### [COLLECTED MATERIAL]
========

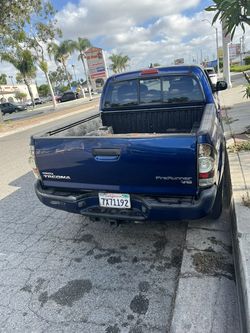 2014 Toyota Tacoma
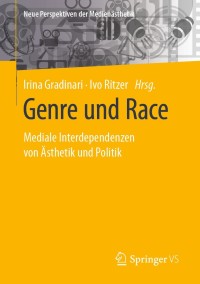 Cover image: Genre und Race 9783658321864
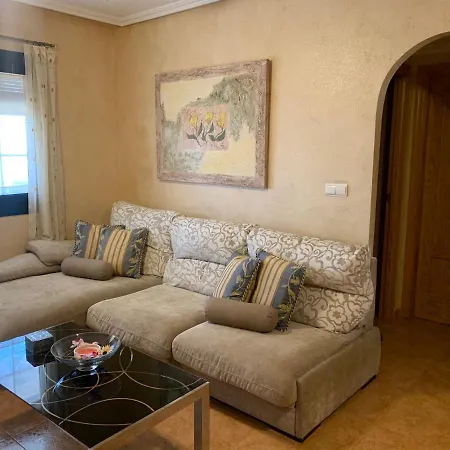 Appartement Vivienda En Costa Narejos à Los Alcázares Extérieur photo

========

### [HOW TO COMPLETE THIS TASK]
Leave the pictures out and transcribe the remaining material exactly.

### [ANSWER BOX]
 2014 Toyota Tacoma
 Cover image: Genre und Race 9783658321864
 Appartement Vivienda En Costa Narejos à Los Alcázares Extérieur photo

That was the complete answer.